Seçim sürecinde iktidar bloku bütün düğmelere birden basmıştı. Yoksul halkın çaresizliğinden yararlanarak ahlaksızca seçim rüşvetlerinin verilmesi, kamu kaynaklarının sınırsız kullanılması, kayyım politikasını sürdürmek için mobil seçmen hilesi, yetmedi iktidarın varlığının bekçisi halini alan yargının da seçim hilesine dahil edildiği bir süreç yaşandı.
Seçim günü Kürt coğrafyasının il merkezlerine, ilçelere hatta beldelere varana kadar AKP ve devlet konsensüsü eliyle asker traşlı, saçlarından asker ve polis olduğu anlaşılan kişiler taşındı. Moğol istilalarını andıran bu girişim ile halk iradesinin sandığa yansıması engellenmek istendi.
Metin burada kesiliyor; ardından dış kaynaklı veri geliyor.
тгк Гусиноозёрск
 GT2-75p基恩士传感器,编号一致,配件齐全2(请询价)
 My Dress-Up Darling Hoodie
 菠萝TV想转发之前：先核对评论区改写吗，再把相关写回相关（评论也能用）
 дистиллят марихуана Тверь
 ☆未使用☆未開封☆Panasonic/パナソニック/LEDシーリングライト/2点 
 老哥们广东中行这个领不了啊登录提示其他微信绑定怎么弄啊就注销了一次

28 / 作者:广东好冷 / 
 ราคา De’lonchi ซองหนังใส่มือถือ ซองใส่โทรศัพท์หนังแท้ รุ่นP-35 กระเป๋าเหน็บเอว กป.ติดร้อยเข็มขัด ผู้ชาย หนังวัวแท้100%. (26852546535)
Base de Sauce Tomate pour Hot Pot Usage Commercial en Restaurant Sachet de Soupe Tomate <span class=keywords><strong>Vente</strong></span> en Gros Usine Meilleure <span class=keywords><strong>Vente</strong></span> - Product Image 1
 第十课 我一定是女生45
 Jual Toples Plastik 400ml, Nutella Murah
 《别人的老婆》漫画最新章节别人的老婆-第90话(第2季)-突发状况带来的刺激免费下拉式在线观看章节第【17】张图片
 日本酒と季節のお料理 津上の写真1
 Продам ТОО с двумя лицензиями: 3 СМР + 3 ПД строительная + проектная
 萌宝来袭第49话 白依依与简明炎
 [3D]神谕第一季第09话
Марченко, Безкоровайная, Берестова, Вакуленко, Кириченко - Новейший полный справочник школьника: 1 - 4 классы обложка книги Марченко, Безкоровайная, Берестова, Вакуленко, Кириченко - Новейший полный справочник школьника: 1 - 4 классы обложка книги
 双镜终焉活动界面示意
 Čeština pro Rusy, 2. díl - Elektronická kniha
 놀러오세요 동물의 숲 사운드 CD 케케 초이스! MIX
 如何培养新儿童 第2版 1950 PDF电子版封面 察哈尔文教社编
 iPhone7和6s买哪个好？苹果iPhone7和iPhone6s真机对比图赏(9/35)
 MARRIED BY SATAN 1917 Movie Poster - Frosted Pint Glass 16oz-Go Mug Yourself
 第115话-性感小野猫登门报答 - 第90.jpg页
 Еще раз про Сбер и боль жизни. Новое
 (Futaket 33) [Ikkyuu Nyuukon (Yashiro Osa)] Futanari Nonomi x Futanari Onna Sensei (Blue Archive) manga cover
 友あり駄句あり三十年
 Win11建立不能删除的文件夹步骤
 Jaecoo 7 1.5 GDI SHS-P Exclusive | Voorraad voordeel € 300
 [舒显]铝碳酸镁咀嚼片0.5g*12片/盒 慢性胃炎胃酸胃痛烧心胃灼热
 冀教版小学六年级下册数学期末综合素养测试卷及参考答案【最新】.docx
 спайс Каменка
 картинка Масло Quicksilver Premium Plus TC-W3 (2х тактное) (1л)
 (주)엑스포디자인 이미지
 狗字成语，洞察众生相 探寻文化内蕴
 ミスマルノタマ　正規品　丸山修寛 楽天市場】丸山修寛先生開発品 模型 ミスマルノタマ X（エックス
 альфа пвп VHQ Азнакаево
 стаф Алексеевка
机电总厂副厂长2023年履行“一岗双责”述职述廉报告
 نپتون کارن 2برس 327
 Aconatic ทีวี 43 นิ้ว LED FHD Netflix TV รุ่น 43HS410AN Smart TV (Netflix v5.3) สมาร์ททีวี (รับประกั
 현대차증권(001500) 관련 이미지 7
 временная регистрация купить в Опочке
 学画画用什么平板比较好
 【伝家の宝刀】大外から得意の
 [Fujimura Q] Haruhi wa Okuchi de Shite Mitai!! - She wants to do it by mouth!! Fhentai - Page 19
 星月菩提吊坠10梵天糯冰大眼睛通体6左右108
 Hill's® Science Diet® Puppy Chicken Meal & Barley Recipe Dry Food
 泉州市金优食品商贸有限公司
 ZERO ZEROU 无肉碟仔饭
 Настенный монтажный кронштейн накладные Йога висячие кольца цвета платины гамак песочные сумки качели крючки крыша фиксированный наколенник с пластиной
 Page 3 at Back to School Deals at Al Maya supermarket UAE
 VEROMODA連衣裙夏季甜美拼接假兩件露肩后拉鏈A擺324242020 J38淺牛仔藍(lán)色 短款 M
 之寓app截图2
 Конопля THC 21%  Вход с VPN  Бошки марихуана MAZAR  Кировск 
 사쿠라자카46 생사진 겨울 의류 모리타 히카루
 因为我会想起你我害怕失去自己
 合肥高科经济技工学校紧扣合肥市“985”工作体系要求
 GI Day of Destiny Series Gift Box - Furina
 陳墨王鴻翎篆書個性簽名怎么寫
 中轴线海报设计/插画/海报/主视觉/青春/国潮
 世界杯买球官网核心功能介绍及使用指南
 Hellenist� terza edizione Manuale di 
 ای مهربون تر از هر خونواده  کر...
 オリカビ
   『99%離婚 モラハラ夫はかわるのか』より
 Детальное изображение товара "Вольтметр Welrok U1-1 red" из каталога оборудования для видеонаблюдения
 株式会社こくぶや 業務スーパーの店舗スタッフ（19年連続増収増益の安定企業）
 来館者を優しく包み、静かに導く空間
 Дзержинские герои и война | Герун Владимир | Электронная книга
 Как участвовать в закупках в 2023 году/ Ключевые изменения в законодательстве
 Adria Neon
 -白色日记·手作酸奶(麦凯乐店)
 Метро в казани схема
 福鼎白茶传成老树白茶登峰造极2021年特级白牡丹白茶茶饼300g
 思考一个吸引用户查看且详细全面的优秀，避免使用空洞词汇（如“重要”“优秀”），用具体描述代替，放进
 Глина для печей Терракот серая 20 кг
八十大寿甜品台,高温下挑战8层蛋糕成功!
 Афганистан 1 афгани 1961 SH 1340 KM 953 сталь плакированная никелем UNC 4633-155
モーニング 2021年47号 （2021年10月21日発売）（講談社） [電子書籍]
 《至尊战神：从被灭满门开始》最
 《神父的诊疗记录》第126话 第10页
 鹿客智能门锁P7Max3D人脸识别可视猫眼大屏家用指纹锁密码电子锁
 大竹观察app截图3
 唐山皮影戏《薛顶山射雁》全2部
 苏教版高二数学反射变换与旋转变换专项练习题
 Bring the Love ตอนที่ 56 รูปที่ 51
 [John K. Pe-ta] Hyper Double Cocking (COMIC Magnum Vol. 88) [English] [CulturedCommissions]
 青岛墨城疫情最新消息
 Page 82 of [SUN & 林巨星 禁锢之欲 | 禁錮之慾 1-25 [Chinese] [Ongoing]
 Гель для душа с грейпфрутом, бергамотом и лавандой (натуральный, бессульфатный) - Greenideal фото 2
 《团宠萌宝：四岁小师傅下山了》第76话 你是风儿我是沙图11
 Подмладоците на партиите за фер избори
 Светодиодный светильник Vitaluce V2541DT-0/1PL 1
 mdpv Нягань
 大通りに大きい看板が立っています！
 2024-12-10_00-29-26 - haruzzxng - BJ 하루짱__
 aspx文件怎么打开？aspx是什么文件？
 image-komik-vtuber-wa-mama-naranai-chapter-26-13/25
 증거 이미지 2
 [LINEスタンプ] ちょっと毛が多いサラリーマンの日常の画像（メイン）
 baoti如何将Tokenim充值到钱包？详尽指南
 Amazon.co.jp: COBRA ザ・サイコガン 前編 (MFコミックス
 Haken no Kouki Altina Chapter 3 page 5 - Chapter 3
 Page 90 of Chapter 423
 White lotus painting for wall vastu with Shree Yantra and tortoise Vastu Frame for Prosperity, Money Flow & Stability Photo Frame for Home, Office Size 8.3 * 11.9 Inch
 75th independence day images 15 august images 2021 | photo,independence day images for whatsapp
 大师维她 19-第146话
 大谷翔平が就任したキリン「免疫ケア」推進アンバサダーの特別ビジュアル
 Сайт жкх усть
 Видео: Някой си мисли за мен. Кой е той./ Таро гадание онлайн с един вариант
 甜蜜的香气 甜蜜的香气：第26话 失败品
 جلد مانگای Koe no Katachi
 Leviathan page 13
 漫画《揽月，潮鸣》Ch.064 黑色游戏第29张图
Seçim öncesinde canla başla çalışan Kürt halkının seçim günü sandıklara sahip çıkması da bu seçime yükledikleri anlamın göstergesiydi. Bu da Kürtlerin kayyım politikalarına olan tepkileri ve kendileri hakkında kendilerinin söz kurmak istemeleri, kendi kendilerini yönetme iradesiydi. Kürt halkının sandıklara sahip çıkması ve “Sen nerelisin” diyerek hesap sorması sahip oldukları coğrafyaya sahip çıkmanın meşru ve haklı bir tepkisiydi.
İstila girişimlerine karşı Kürt halkı AKP’ye ve kayyım politikasına önemli bir cevap verdi. Kürdistan’ın genelini kayyıma kapattı. Ancak AKP ve devlet konsensüsü taşımalı seçmene ve istilaya rağmen alamadığı bazı yerleri de il ve ilçe seçim kurulları aracılığıyla gasp etti ve gasp etme girişimleri devam ediyor.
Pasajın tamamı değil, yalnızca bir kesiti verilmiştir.